The first production decision made for Amberspire was choosing to render the game in 2D or 3D. By training and experience I am a 3D artist and comfortable with 3D games, so this seemed like a natural starting point. Once I actually got started on the prototype however, we decided to do the exact opposite: go full 2D and isometric.
Bazaar
The Details
Cities are dense and detailed environments, and producing detailed 3D art is a lot of work. You need to conceptualize and model walls, roofs, windows props, domes, arches, tunnels, plants, – everything you want to see. Then unwrap and texture all those objects, before creating shaders for all the materials to render them. I have experience doing all of these things, but our goal was to keep the team size and production close to The Banished Vault - which had comparatively few small and simple models. Amberspire would need a few dozen unique buildings, all detailed and intricate.

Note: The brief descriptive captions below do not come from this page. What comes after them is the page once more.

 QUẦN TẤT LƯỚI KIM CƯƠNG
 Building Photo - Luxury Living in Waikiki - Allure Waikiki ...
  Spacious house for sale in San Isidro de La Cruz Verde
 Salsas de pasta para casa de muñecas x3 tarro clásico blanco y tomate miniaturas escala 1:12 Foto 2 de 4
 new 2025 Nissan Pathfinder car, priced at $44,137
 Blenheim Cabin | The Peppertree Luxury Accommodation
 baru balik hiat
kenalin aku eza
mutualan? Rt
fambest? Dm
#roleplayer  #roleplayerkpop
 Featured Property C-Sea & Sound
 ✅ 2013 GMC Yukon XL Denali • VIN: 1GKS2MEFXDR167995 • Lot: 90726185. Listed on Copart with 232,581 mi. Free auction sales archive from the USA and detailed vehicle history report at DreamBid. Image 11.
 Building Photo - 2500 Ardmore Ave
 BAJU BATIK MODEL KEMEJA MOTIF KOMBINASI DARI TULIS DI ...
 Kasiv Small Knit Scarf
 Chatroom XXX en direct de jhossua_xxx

All this to say 2D art is not by any means easy, but it does have many fewer steps. It solves a lot of production problems all at once: once an artist draws the image, it just has to be placed on screen.
More subtly, however, is an expected level of detail when comparing 2D and 3D. I did not want the city to feel like it was being represented abstractly, like buildings in The Banished Vault. With a space fantasy setting, specific details are important to communicate the setting and world to the player. My worry would be that with a setting so unusual that alienates the player a bit, art that is further removed from the 'accurate' depiction of the setting would be hard to understand and engage with.
One small bonus here as well: 2D art is more iconic. Everything in a game is an interface the player, and which building is which is an important piece of information for the player. Making a 3D building recognizable is doable, but just that extra step harder than in 2D.
Clockworks
The Style
The science fantasy mode that Amberspire is in is communicated through the art, and it looks best in 2D. Hand drawn, irregular, illogical, equally playful and sinister – I could go on. When our artist Yue started on the project one of the first things I said to her was “don’t worry about making the buildings perfectly logical”.
There is a je ne sais quoi to 3D art that implies some kind of underlying logic. To make a closed shape, vertices have to be connected in a mathematical space and be rendered by the engine. Of course you can make illogical 3D art, but that comes with other tradeoffs.
In Amberspire, the buildings are fully realized. They explain exactly as much of themselves as Yue and I want them to. The setting overall has many magical and fundamentally impossible aspects, and the art style and rendering are vital in communicating that.